The rotation is headed by 3 similar guys from the 19-aughts, Pelty, Powell and Garvin, and the similar 81 Rick Honeycutt. Grabbed a few relievers with good IP/G for spot starting. I like to have at least 4 guys to work the late innings effectively and probably won’t designate a closer here. ‘69 Joe Hoerner seems likely to get a lot of the saves.
Ballpark: My pitchers won’t give up many homers anyway, but since I won’t be hitting them at all I went with Target Field. I’ve actually never used it, but it fit the bill here.
Starters: C Wally Schang 1915, 1B Roger Connor 1894, 2B Miller Huggins 1912, SS Billy Rogell 1938, 3B Roy Cullenbine 1942, OF Mitchell Page 1977, Billy North 1975, Chick Stahl 1897. Rotation: Barney Pelty 1905, Jack Powell 1907, Ned Garvin 1902, Rick Honeycutt 1981. Bullpen Keys: Joe Benz 1917, Tot Pressnell 1940, Rube Marquard 1919, Joe Hoerner 1969
5271 PA .292/.387/.416 232 2B, 91 3B, 48 HR, 187/122 SB/CS $36.16M
1433 IP .243 OAVG, 1.13 WHIP, 2.84 ERA 533K-322 BB 46 HR $33.83M
Outlook: We might not be as terrible as I think, but I doubt we prove jmissirlis a prophet either. My team name predicts we can’t top 70 wins, and with this competition and my low-cap struggles I’ll be surprised if we do much better than that. I’d be thrilled to flirt with .500.

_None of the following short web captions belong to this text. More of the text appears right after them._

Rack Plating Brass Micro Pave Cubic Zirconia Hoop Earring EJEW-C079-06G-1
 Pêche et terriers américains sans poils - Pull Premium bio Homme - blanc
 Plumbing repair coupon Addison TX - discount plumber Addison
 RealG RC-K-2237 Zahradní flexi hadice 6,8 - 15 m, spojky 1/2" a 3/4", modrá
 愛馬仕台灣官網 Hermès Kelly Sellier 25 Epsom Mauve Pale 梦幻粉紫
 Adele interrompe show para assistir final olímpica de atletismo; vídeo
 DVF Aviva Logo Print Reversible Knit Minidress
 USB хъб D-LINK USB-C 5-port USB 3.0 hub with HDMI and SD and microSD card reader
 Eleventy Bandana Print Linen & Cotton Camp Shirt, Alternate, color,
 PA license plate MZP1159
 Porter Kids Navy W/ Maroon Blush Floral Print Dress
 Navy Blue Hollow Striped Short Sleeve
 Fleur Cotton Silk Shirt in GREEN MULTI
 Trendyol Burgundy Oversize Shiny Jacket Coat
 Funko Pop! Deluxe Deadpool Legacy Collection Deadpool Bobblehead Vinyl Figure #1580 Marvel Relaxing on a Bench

$90M: Pentagon Franchise Puzzle
XC Losses Minimum
I’ve got the Red Sox, Yankees, Cubs, Dodgers and Braves. I saved this for last because I had no idea how to start. I found a few SP who fit the cap range and started looking for team pairings that would fit. I aimed for teams with long histories to maximize my choices. I didn’t find the BB-Ref tool as useful as I expected and just searched desirable stat ranges for players who might fit the teams I picked. I built the whole pitching staff except a couple filler spots and then made the hitting work around the team restrictions I’d created. I never tried to make a second team with a different combo, and though I might have had time I just decided to let it ride.
I skimped a lot on PA again, but eventually I added some after worrying that a hitters’ park could mess me up. No hitter cost as much as $6M as I went for a little more depth. I ended up with minimal speed again, alas. I would have preferred more range, too; I have a low error infield with C range and two stiffs in the outfield corners.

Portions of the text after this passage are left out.